(The Hawks’ Rob Ferguson hits the game winner, Chaney moaning to follow)
Yesterday marked Temple’s first visit to St. Joe’s since last February’s infamous assault on John Bryant. Owls coach John Chaney seems to think the controversy was a media creation, writes the Philadelphia Inquirer’s Rich Hoffman.
Yesterday, after Temple’s seventh consecutive loss to Saint Joseph’s, Chaney was complaining about the officiating – not exactly an alert-the-media moment in a long, loud, wonderful career. After a 59-57 loss at the Palestra, he was complaining about “six [blankety-blank] calls in a row, six trips down the floor at the end.” He was saying, “Why not allow a good game like this to end in the hands of the kids?”
It is the kind of thing that will get a professional sports coach fined by his league, but not a really big deal in anyone’s universe; just John being John. Except that it happened on a date that everyone had circled months ago, the first Temple-St. Joe’s game since the ugly business of last season, when Chaney sent Nehemiah Ingram into a game against the Hawks to take hard fouls, one of which broke the arm of St. Joe’s John Bryant.

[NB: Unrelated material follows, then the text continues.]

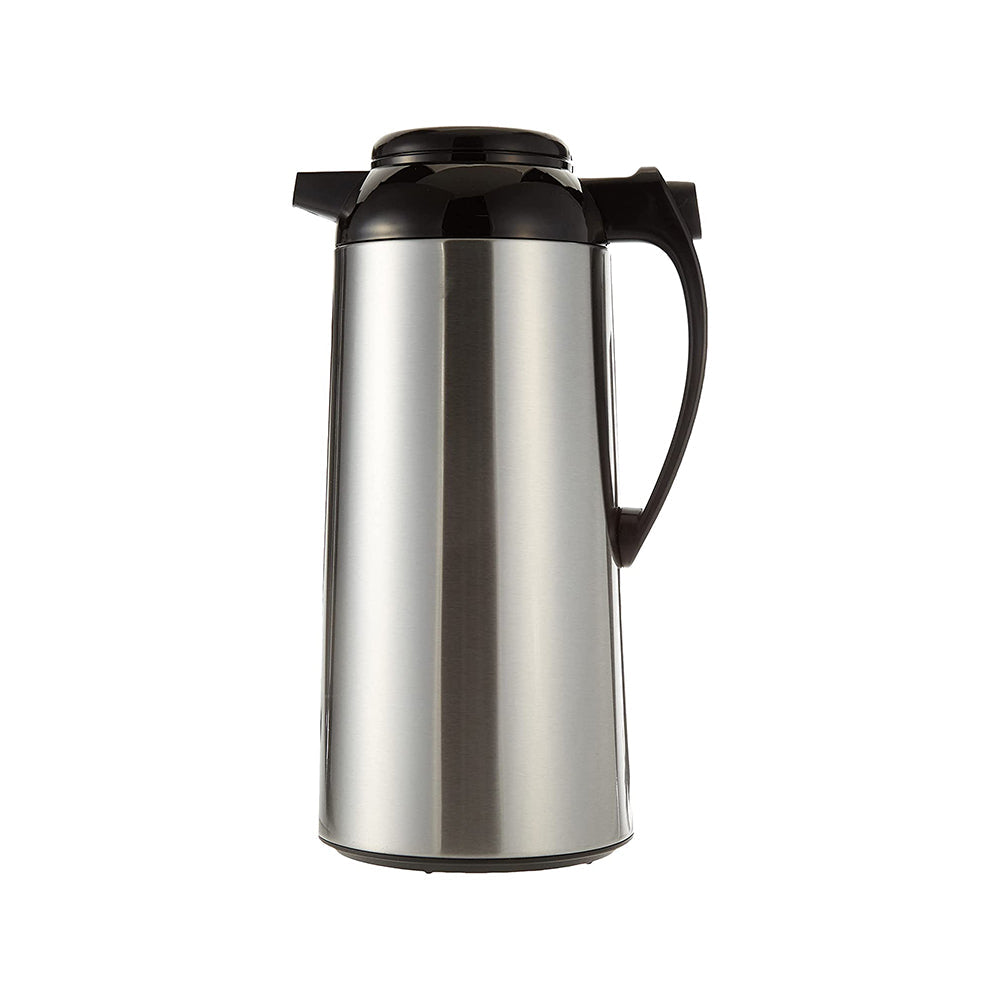 Nessan Vacuum Flask Silver 1.9L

If you didn’t know the history, you would never have noticed anything yesterday – except that you did know the history. And, as Chaney said, “Philadelphia doesn’t let anything go. You guys [reporters] don’t let nothing go. I’m a lightning rod in this city and I know it. I love it.”
Chaney gives as good as he has ever gotten, and is as Philadelphia as anyone ever was. He says that the incident last season affected the officiating in this game, and the selection of the officials by the Atlantic 10. Later, he said, “Everyone overreacts when an incident like that takes place.”
Chaney blames the media in general – and me, apparently, in particular, based on what he said in the news conference yesterday – for blowing up the incident into something that it wasn’t. That’s fine. He can hold whatever opinions he wants to hold – and he gets talked out of very few things, history suggests.
He said, “I thought we resolved it. Phil (Martelli) and I resolved it. We sent money to Katrina and that’s what we did to resolve it. But you want to sing that song? Keep on singing it. Keep on singing it.”
Chaney ignores the fact that he was the one who brought up the incident when he said it affected this game’s officiating – but, again, that’s fine. After yesterday, everybody around here looks to be pretty much done with it. Hopefully, this is where it ends.